>>

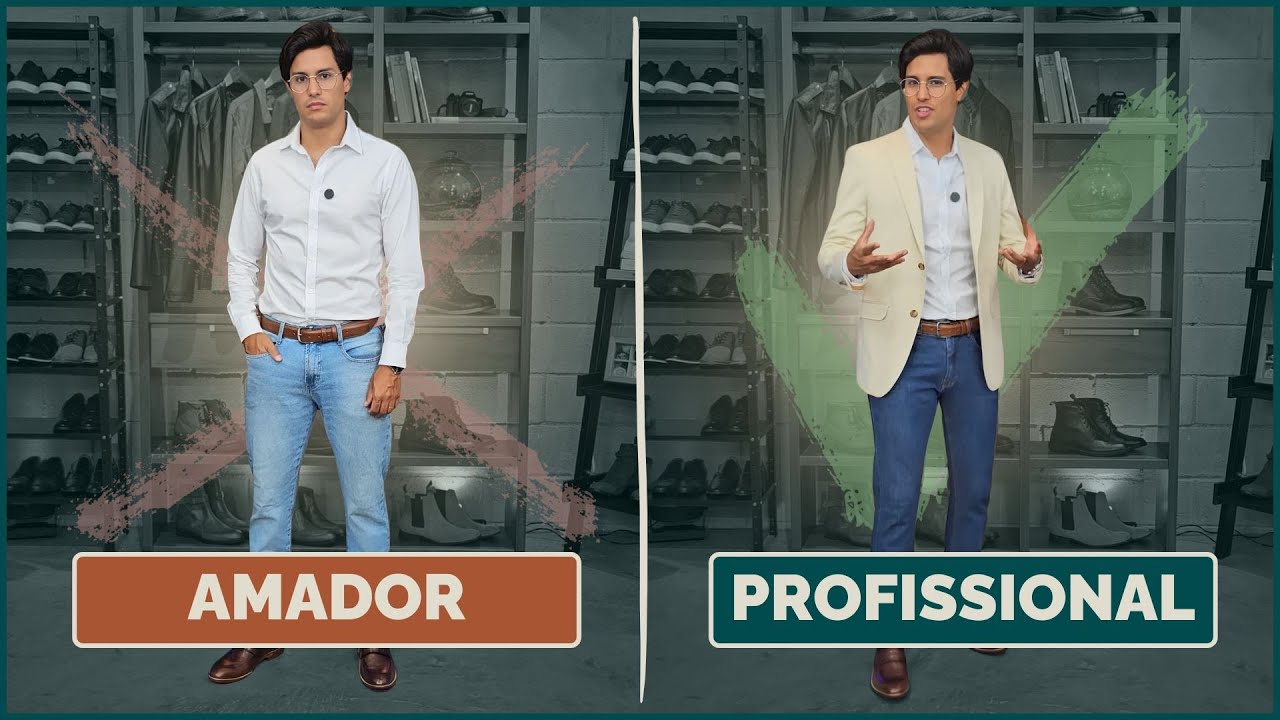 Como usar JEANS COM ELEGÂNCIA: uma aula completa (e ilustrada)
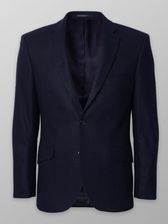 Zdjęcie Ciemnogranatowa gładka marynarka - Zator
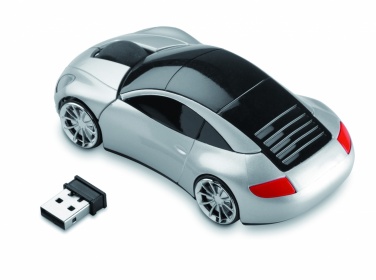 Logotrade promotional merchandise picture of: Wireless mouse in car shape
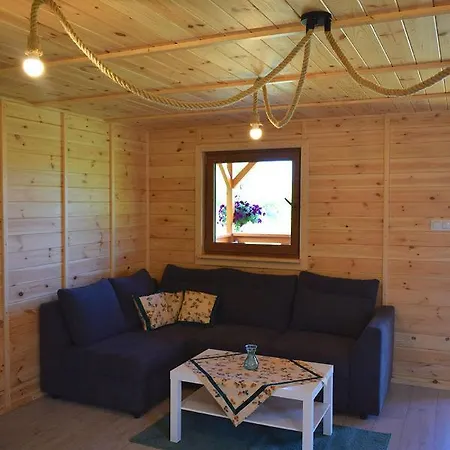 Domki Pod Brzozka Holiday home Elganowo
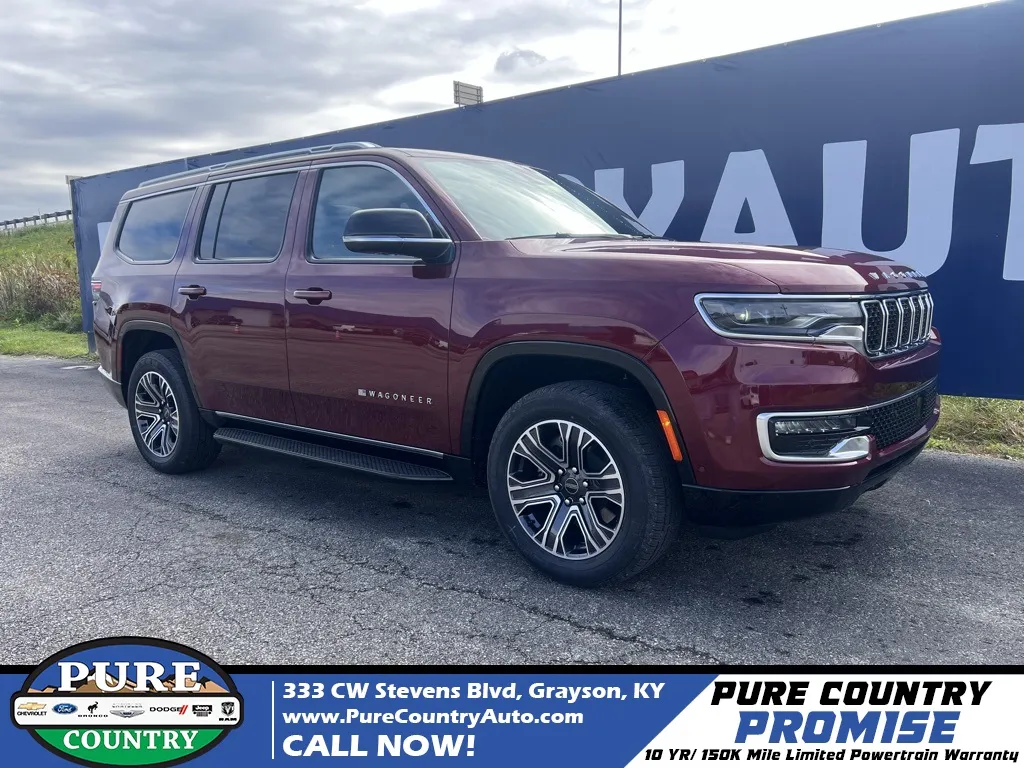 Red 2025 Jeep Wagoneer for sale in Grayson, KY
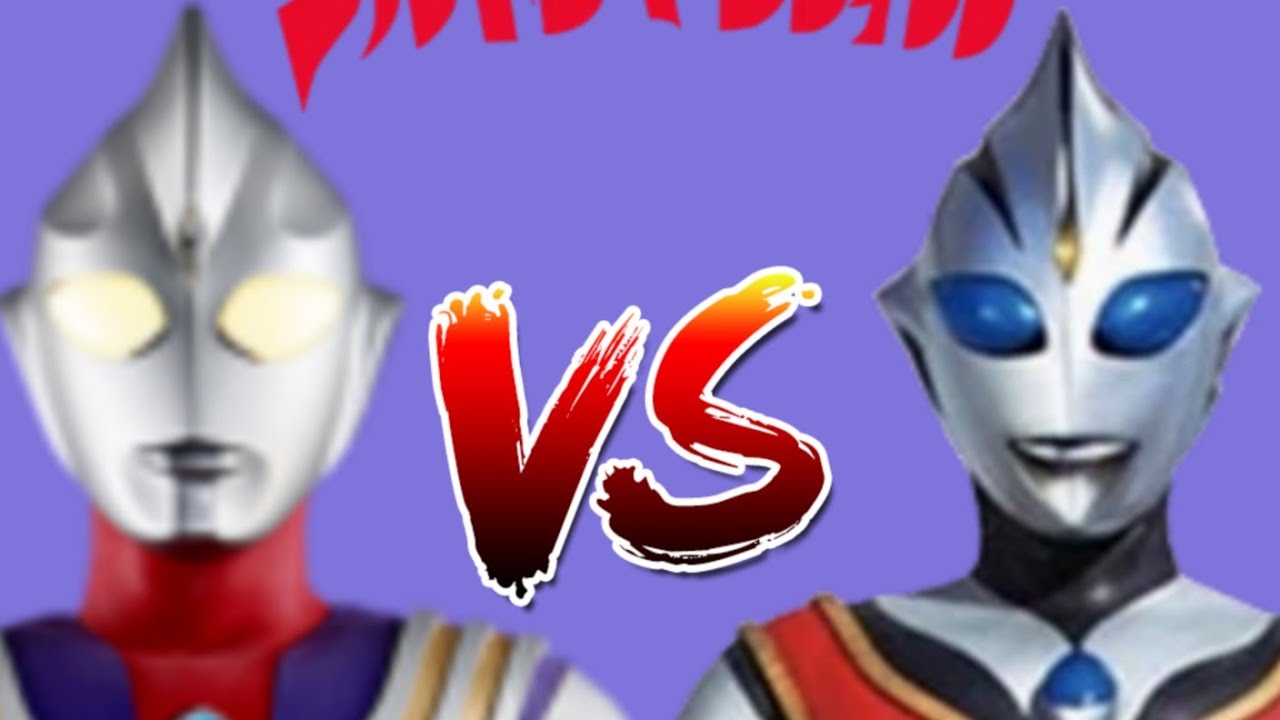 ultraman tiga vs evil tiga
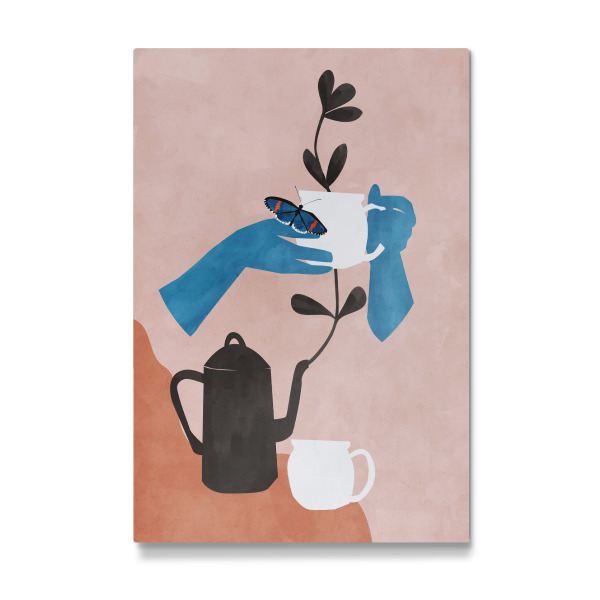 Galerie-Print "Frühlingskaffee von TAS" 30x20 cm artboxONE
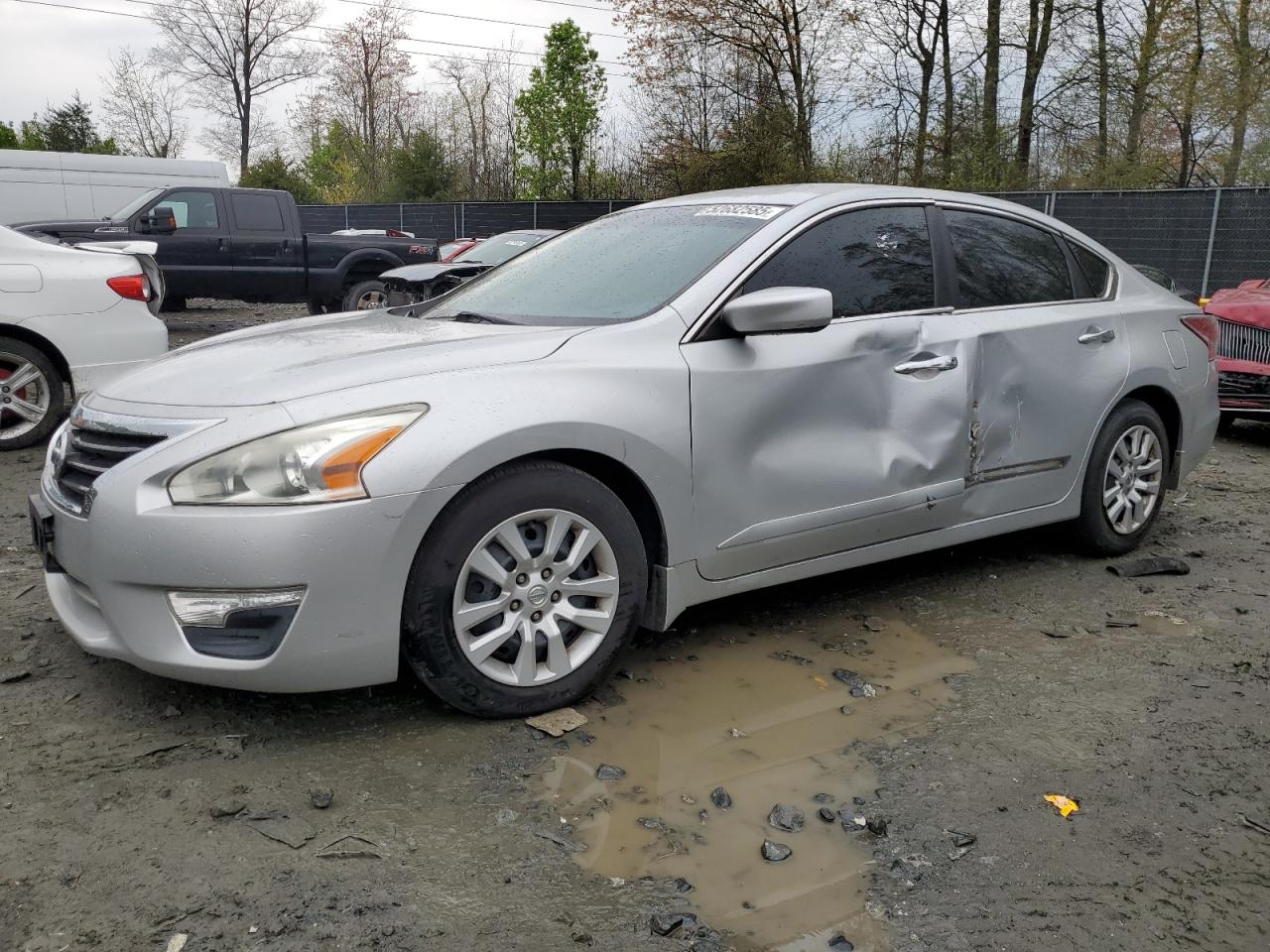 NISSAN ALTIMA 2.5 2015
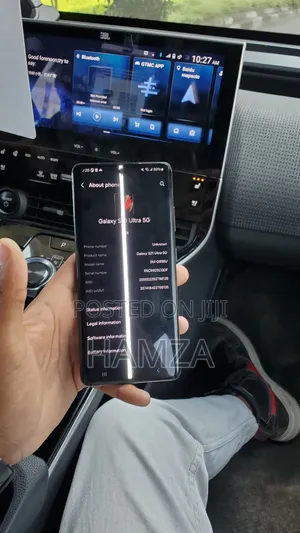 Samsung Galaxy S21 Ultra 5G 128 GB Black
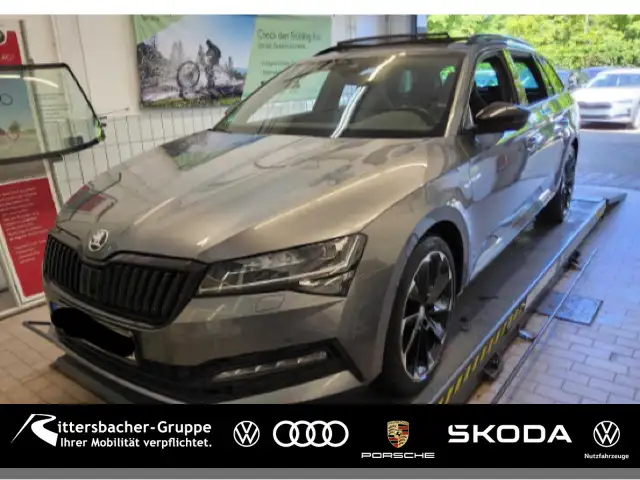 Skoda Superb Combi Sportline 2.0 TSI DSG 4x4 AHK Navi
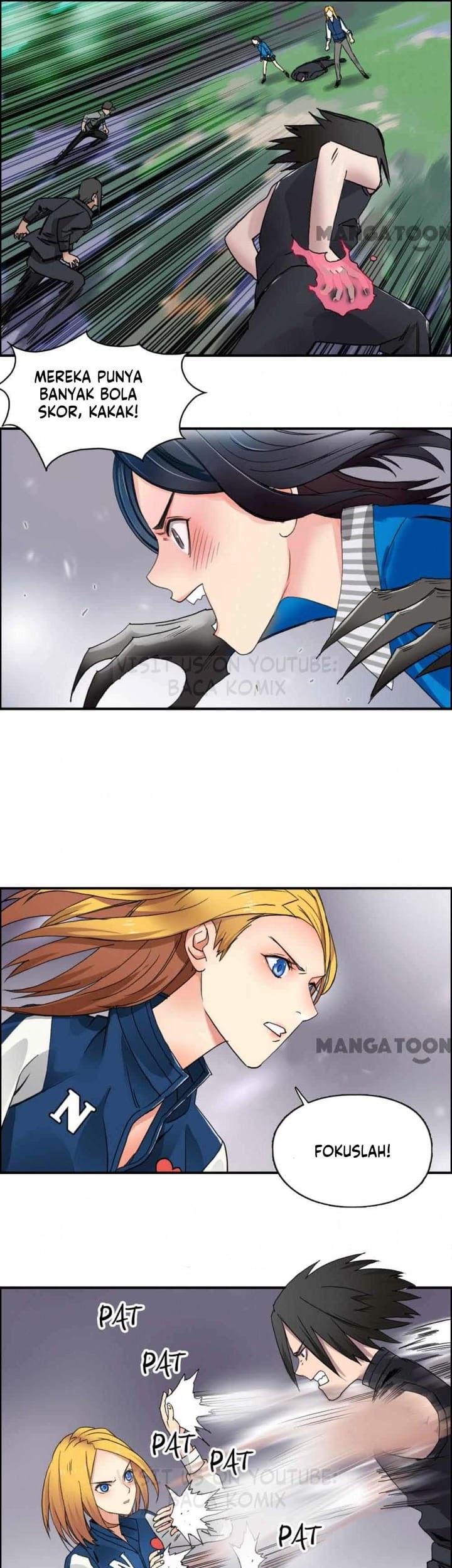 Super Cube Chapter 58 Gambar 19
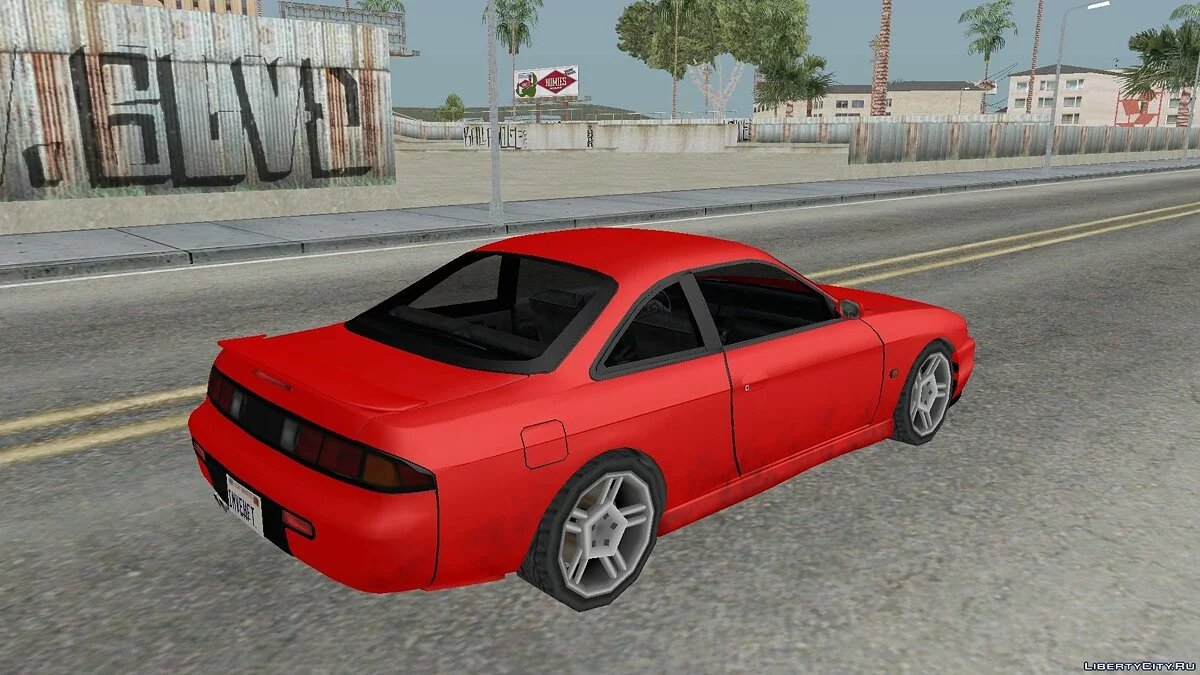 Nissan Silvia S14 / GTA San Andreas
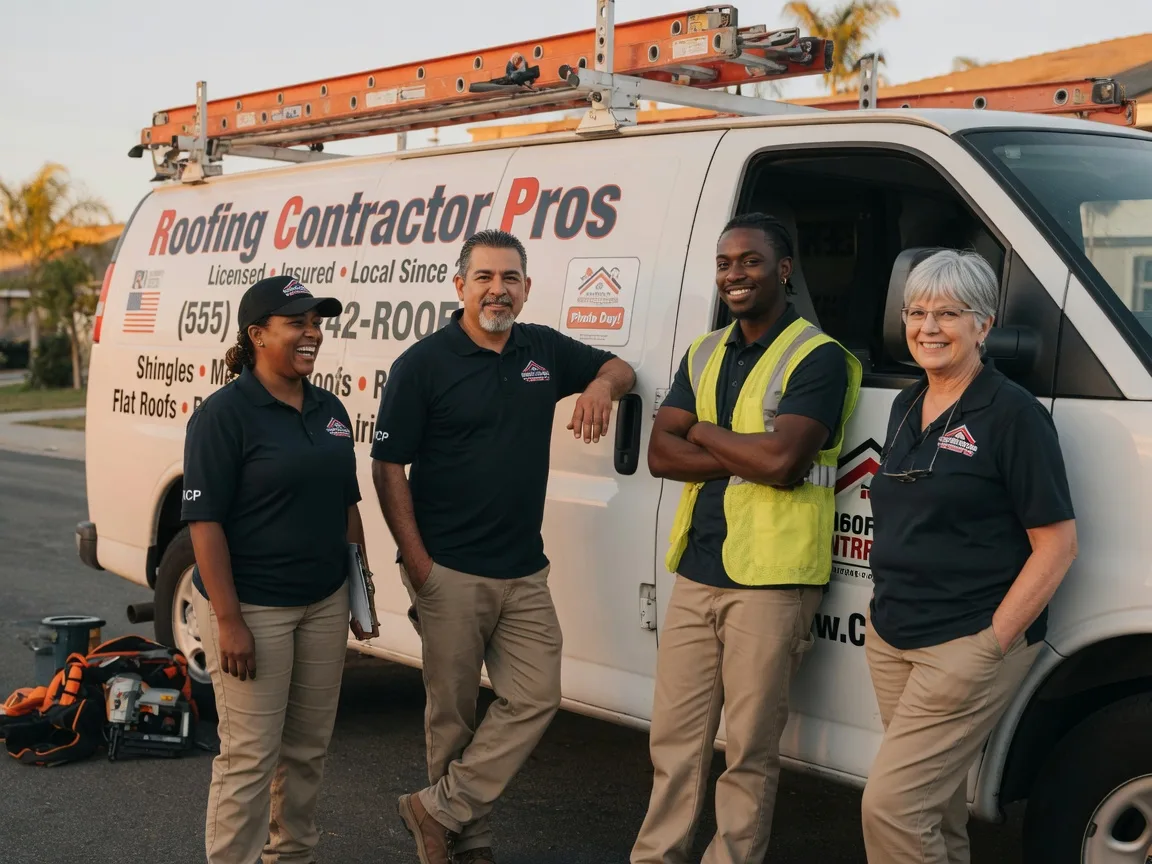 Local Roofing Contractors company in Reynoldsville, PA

<<

Exactly the lines starting at the one above with "Domki Pod Brzozka Holiday home Elganowo" and ending at the one with "Nissan Silvia S14 / GTA San Andreas" should be printed, and nothing else. Omit the pictures.

▶ _Expected answer_:
 Domki Pod Brzozka Holiday home Elganowo
 Red 2025 Jeep Wagoneer for sale in Grayson, KY
 ultraman tiga vs evil tiga
 Galerie-Print "Frühlingskaffee von TAS" 30x20 cm artboxONE
 NISSAN ALTIMA 2.5 2015
 Samsung Galaxy S21 Ultra 5G 128 GB Black
 Skoda Superb Combi Sportline 2.0 TSI DSG 4x4 AHK Navi
 Super Cube Chapter 58 Gambar 19
 Nissan Silvia S14 / GTA San Andreas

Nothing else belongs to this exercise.